Stored records
- - - - -
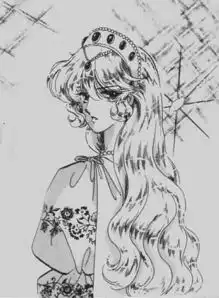 日本少女动漫插画黑白手绘花堆糖,美好生活研究所
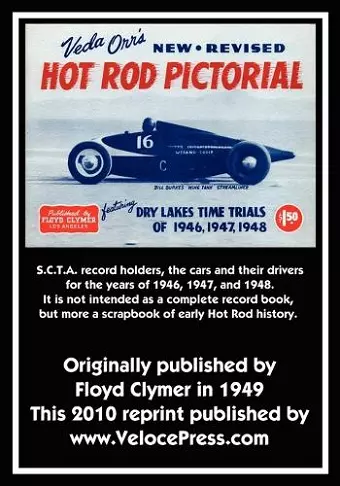 Veda Orr's New Revised Hot Rod Pictorial cover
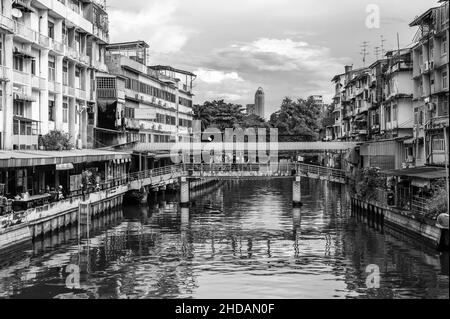 HE Klongs am Chaophraya River von Bangkok Thailand Asia Stockfoto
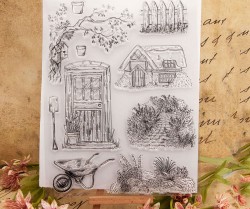 ست مهر شفاف باغچه و باغبانی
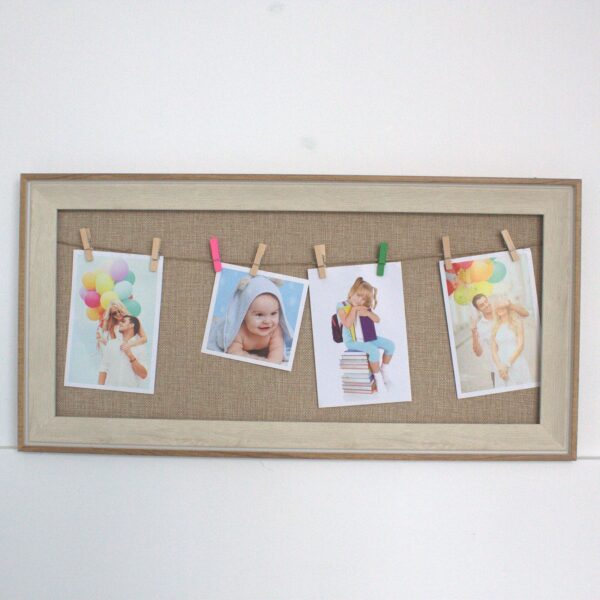 "Tee ise" fotoraam 4 fotoga -Natural jute-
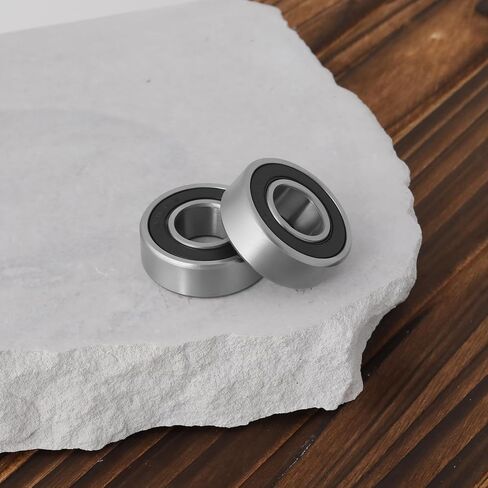 10Pcs 1616-2RS Bearings Deep Groove Ball Bearings Double Sealed Industrial Bearings for Electrical Instrument Equipment, 1/2 Inch x1-1/8 Inch x 3/8 Inch in Saudi Arabia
- - - - -
Each line above should be written out again unchanged; no images are to be carried over.

 日本少女动漫插画黑白手绘花堆糖,美好生活研究所
 Veda Orr's New Revised Hot Rod Pictorial cover
 HE Klongs am Chaophraya River von Bangkok Thailand Asia Stockfoto
 ست مهر شفاف باغچه و باغبانی
 "Tee ise" fotoraam 4 fotoga -Natural jute-
 10Pcs 1616-2RS Bearings Deep Groove Ball Bearings Double Sealed Industrial Bearings for Electrical Instrument Equipment, 1/2 Inch x1-1/8 Inch x 3/8 Inch in Saudi Arabia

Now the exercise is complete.